I have posted a few articles in the recent past on how to ask questions in order to get the information we need.  In the ongoing effort to improve communication at work with customers and co-workers I found another great article on question asking to share. (see link below).

Too many times we ask questions off the top of our head hoping that will lead to getting the answers we are looking for.  If it does not we get frustrated and so does the person we are questioning.

This is especially true at work.  Asking the right question will lead to getting a better answer.
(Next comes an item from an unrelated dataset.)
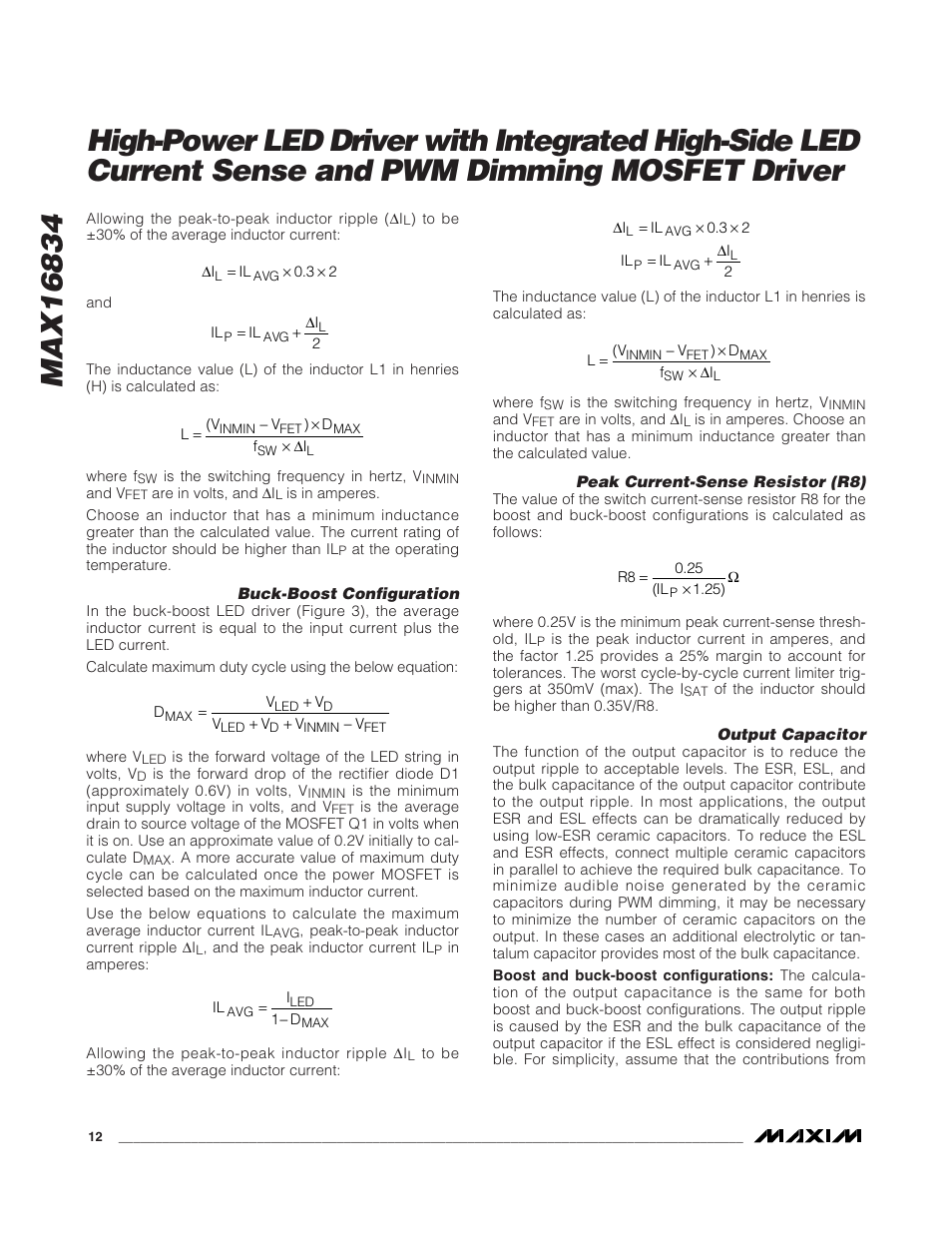 Rainbow Electronics MAX16834 User Manual | Page 12 / 22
The trick is taking the time to develop the right question to ask that will prompt the person to give you the right information you are seeking.

Unless you are looking for a simple answer it may take several questions in the form of a conversation to get all of the information you are seeking.  Who has time  to play the 100 question game?

Here are four tips to getting better answers to your questions by asking bright questions and thinking outside of the box!

1. Take time to develop your question to get the information you want.  For example if you want to know where something is ask “Can you tell me exactly where BLANK is so that I can get it?”  By adding the word exactly, you will either get an answer of exactly where it is or the answer I do not know.  You do not want any answers that have “well it might be” or “I think it is” those answers do not help you.

2.If you are trying to get information regarding a situation ask open-ended questions so that the person you are speaking to will expound on their answer. Remember do not make the person guess or play 100 questions with you either.  Tell them what it is you are trying to find out from them, because unless they are a mind reader they will not be able to help you.

3. Engage the person you are speaking with, show them you care about what they are saying, and you should if you are trying to get information or answers from them.  Good eye contact and some reflection on what they are saying to you is good, this way they know you are listening to them.

(4) Ask prompting questions to let them know you want further information like “and then what happened?” and “how did that make you feel?”.  This form of questioning once you are into the conversation shows you are interested and curious and want to hear more from them.

Take the time when creating questions to ask other as it creates opportunity for both parties involved to get to know one another. By taking the time to ask the right questions your opinion or focus may change on whatever you were asking questions about.  Time is one of our most valuable assets and when you take the time in asking quality questions you are investing in getting the answers you need.

Remember it is all in how you ask the questions!